Our Portfolio Management Process

We expect our portfolio management process to result in lower volatility, higher tax sensitivity, lower direct and indirect trading costs, and higher conviction.

Our portfolio management process starts with client objectives and preferences. We manage portfolios on a discretionary basis and manage portfolios according to our core investment philosophy. However, clients may wish to tailor portfolios to reflect our core investment philosophy in combination with their own specific preferences. Portfolios typically remain near fully invested through investment cycles and are focused, holding 40 or fewer securities. Our sector weightings differ from the broad market with heavier portfolio weights in growth sectors like healthcare and technology. We tend to de-emphasize volatile, capital intensive, commodity related, non-growth, and/or cyclical sectors such as consumer cyclicals, energy, utilities, and materials. While we do not ignore sector diversification, we are more focused on bottom up stock selection of attractive growth issues at reasonable prices.

Our stock selection process results in the selection of generally larger capitalization issues with a continuity of earnings growth, ascending dividends, strong balance sheets with relatively reasonable or no debt. In addition, we favor attractive margins, positive or stable margin trend, and strong return on equity. Further, we look for enduring business strategies managed by teams that have demonstrated solid capital stewardship and corporate governance. We target growth issues that are reasonably priced versus their own history, versus the market, or relative to their anticipated growth trajectory. If we expect to hold a meaningful cash reserve (up to around 15%) we invest a portion of cash in higher-quality short-term fixed income funds.

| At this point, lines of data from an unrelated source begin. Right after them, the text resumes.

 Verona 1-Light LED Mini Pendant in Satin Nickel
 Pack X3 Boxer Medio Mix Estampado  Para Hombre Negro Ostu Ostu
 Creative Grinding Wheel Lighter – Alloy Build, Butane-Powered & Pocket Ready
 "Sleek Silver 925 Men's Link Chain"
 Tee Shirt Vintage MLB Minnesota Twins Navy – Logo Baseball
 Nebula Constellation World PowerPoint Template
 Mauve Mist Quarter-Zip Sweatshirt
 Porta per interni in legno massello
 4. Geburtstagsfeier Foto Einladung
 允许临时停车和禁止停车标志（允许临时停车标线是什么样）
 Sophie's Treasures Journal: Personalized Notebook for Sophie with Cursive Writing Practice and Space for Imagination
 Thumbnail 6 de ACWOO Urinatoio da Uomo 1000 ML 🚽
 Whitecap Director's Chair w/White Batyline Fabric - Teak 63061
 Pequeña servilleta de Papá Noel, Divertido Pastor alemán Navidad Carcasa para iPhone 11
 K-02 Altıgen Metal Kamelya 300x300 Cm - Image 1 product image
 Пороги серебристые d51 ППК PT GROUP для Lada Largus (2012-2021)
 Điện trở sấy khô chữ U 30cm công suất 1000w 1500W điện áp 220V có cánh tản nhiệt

Our buying and selling disciplines are asymmetric processes. We buy fundamentally attractive issues at attractive valuations. We sell issues that we feel have lost their fundamental attractiveness with a limited consideration of valuation. A loss of fundamental attractiveness can be described as an underlying business that no longer holds long-term growth appeal or economic moat. If a fundamentally attractive issue becomes overvalued, it does not prompt us to sell the issue, however, the issue could be sold if additional cash is needed in the account for the client or to make room for a more attractive opportunity. So, valuation plays an important role in the buying decision but a more limited role in the selling decision. We have target position sizes for portfolios but may double the target position size for higher conviction issues or halve the position size for some issues. We do not rebalance positions to the target size once purchased unless, possibly, there is a specific need for cash in the portfolio. Where low risk tax harvest loss opportunities exist, we harvest losses at least once a year in portfolios.

At times we may tactically take advantage of what we view as unwarranted or excessive mispricing by buying our quality issues on the dip.

We expect our process, when combined with a long-term time horizon, to result in lower volatility, higher tax sensitivity, lower direct and indirect trading costs, and higher conviction.